[YOUR INSTRUCTIONS]
Range to reproduce from the entries below: the line with "Square photo of", the line with "kitchen with light", and every line in between. Give them exactly and give nothing else.

[STUDY MATERIAL]
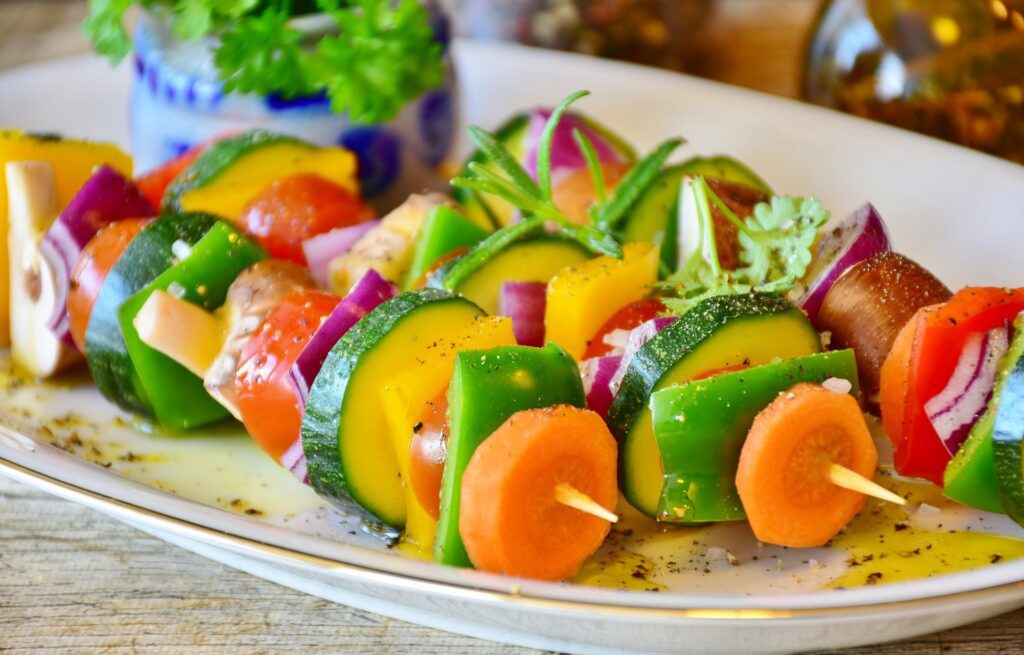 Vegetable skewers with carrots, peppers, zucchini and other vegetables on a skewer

...

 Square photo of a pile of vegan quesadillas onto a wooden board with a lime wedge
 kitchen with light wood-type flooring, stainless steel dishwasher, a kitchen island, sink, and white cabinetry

* * *

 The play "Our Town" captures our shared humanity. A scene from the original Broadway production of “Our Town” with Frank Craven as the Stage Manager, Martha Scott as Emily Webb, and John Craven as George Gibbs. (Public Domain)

[WRITTEN ANSWER]
 Square photo of a pile of vegan quesadillas onto a wooden board with a lime wedge
 kitchen with light wood-type flooring, stainless steel dishwasher, a kitchen island, sink, and white cabinetry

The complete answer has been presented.